#### DATA PROVIDED:
Segment Open
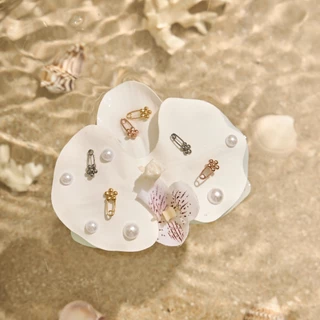 earika.earrings - primrose clip stud ต่างหูรูปคลิปดอกไม้วัสดุสแตนเลส (stainless steel) ใส่อาบน้ำได้ เหมาะสำหรับคนแพ้ง่าย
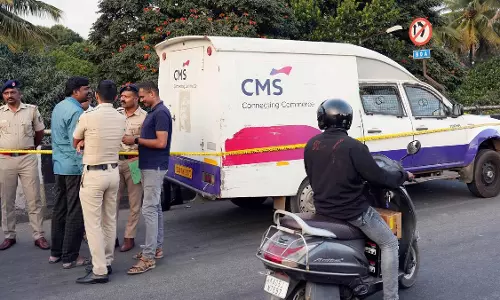 ബെംഗളൂരു കവര്ച്ചാക്കേസ്: ചെന്നൈയിലേക്ക് കടത്തിയ പണം കണ്ടെത്തി; പോലിസ് കോണ്സ്റ്റബിള് അറസ്റ്റില് ബെംഗളൂരു കവര്ച്ചാക്കേസ്: ചെന്നൈയിലേക്ക് കടത്തിയ പണം കണ്ടെത്തി; പോലിസ് കോണ്സ്റ്റബിള് അറസ്റ്റില്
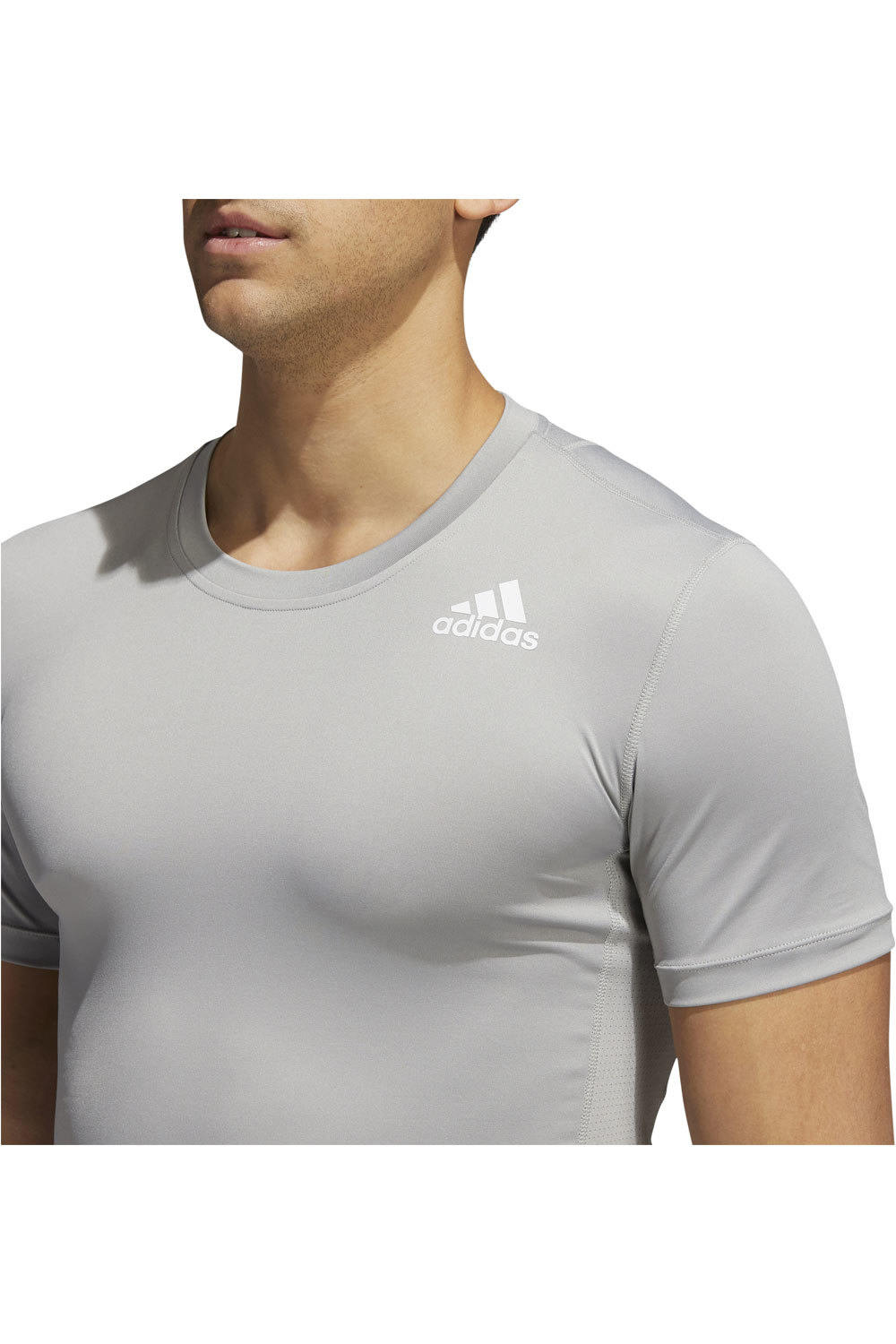 adidas camiseta fitness hombre Adidas TF SS vista detalle adidas camiseta fitness hombre Adidas TF SS vista detalle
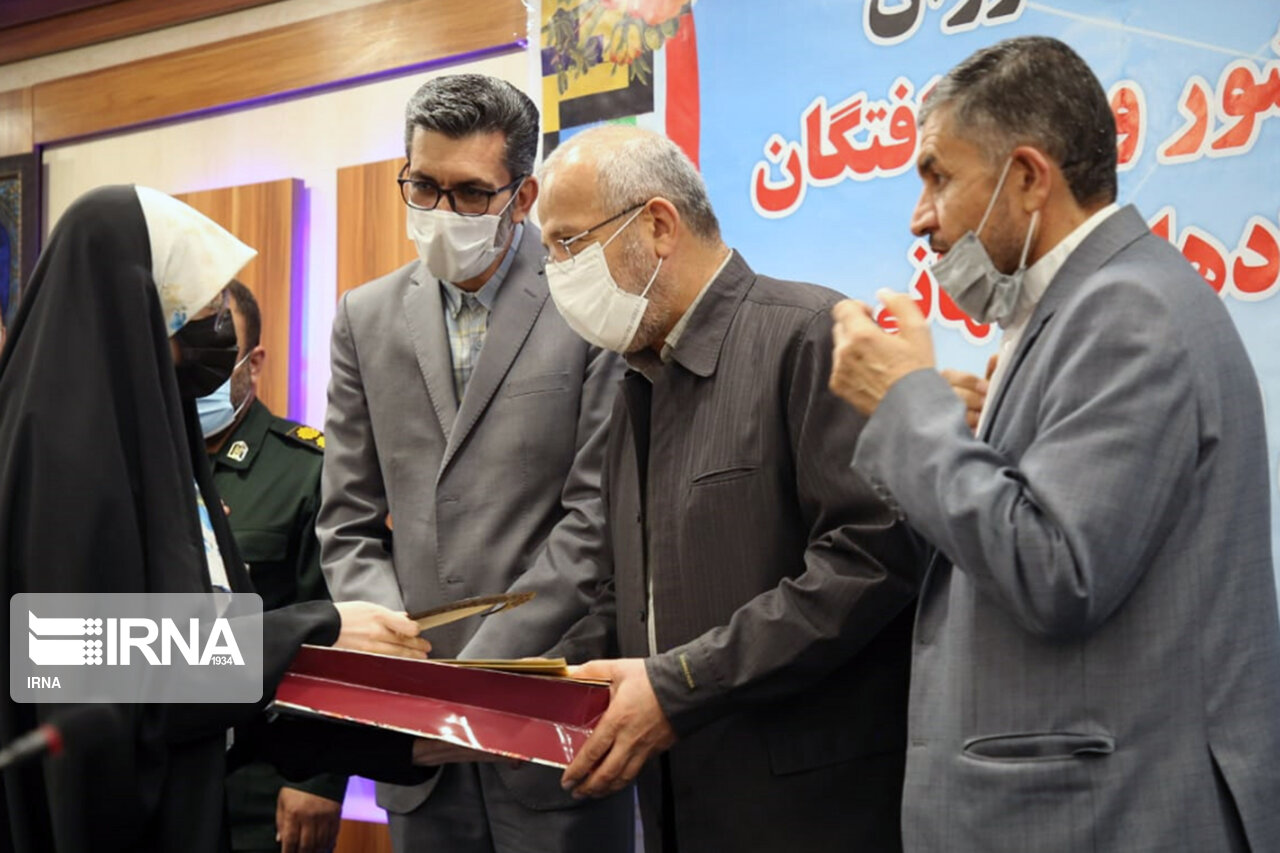 آیین تجلیل از مدال‌آوران المپیادهای علمی کشور و راه‌یافتگان به مسابقات المپیادهای جهانی دانش‌آموزان قم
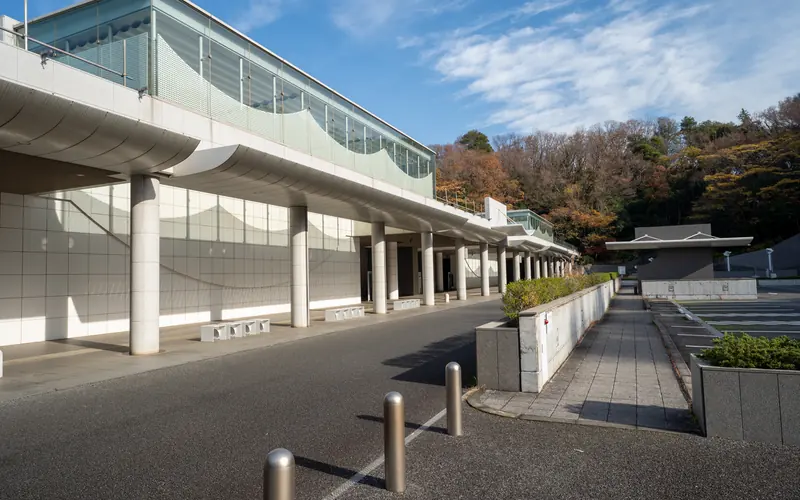 横浜市北部斎場の建物の外観(通路側)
Segment Closed
#### AIM OF THE TASK:
Quote all of the entries word for word, omitting any pictures.

#### YOUR SOLUTION:
 earika.earrings - primrose clip stud ต่างหูรูปคลิปดอกไม้วัสดุสแตนเลส (stainless steel) ใส่อาบน้ำได้ เหมาะสำหรับคนแพ้ง่าย
 ബെംഗളൂരു കവര്ച്ചാക്കേസ്: ചെന്നൈയിലേക്ക് കടത്തിയ പണം കണ്ടെത്തി; പോലിസ് കോണ്സ്റ്റബിള് അറസ്റ്റില് ബെംഗളൂരു കവര്ച്ചാക്കേസ്: ചെന്നൈയിലേക്ക് കടത്തിയ പണം കണ്ടെത്തി; പോലിസ് കോണ്സ്റ്റബിള് അറസ്റ്റില്
 adidas camiseta fitness hombre Adidas TF SS vista detalle adidas camiseta fitness hombre Adidas TF SS vista detalle
 آیین تجلیل از مدال‌آوران المپیادهای علمی کشور و راه‌یافتگان به مسابقات المپیادهای جهانی دانش‌آموزان قم
 横浜市北部斎場の建物の外観(通路側)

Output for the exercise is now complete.